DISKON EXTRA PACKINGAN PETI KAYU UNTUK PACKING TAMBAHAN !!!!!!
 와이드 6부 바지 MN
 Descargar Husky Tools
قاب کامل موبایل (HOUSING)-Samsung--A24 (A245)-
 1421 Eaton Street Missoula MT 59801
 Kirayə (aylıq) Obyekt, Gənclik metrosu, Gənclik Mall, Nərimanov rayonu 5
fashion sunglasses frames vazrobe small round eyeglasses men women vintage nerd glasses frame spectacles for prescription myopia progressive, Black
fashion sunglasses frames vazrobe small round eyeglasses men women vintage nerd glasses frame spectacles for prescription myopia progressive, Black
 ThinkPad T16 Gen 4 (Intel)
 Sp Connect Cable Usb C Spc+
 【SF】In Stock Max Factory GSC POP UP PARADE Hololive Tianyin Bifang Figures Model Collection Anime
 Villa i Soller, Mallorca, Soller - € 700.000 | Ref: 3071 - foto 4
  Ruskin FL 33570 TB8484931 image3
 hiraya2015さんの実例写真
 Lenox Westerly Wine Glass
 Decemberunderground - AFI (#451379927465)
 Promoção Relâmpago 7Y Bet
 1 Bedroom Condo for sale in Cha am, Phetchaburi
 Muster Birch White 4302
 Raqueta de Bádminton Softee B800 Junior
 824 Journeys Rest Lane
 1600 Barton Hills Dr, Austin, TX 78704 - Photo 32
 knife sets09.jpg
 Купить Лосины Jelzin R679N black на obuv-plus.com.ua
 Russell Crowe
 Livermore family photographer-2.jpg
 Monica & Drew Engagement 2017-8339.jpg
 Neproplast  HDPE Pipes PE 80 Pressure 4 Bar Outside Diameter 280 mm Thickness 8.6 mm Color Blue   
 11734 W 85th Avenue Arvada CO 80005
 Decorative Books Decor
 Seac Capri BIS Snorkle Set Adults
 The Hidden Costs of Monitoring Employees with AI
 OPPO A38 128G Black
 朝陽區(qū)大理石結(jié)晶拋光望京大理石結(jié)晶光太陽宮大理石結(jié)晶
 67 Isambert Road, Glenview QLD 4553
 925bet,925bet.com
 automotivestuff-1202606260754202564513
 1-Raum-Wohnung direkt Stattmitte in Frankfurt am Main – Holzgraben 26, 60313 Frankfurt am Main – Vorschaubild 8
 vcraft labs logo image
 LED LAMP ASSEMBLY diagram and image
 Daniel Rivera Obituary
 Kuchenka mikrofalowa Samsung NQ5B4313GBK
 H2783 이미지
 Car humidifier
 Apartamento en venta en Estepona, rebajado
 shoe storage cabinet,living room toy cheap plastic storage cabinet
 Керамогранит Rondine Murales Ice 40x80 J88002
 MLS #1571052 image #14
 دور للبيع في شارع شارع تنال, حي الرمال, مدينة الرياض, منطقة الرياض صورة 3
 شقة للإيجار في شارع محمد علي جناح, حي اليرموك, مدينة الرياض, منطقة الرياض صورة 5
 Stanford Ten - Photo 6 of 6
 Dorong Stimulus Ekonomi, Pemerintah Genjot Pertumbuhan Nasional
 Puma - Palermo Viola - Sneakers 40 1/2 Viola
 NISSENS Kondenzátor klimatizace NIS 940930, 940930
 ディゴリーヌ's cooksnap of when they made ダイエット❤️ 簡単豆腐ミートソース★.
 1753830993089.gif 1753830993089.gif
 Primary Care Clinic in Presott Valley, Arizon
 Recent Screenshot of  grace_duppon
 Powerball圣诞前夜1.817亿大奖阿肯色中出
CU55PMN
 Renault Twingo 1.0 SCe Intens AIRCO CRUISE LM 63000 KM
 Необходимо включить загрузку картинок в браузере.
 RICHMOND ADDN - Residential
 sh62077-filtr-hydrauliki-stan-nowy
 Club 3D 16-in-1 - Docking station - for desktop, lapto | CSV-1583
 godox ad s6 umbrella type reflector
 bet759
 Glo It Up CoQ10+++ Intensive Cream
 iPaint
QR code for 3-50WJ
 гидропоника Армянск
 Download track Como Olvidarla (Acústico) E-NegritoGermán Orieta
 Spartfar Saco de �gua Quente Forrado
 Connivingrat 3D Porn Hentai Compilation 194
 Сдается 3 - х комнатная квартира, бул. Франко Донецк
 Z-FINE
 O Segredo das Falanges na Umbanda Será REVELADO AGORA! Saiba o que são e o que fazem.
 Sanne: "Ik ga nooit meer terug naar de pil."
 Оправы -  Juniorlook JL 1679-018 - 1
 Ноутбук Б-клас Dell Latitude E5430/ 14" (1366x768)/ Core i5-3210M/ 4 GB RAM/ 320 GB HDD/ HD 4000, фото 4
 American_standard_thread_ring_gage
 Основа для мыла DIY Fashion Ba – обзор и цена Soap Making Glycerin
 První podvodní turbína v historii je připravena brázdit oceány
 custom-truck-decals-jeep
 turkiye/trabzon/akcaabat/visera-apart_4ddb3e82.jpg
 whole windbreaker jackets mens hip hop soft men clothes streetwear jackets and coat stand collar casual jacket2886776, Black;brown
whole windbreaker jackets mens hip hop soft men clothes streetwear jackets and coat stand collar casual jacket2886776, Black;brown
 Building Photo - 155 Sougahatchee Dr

§ **EXERCISE**:
Line count for "Samsung": report how many lines in the data above include it, with no other words.

§ **COMPLETED TASK**:
2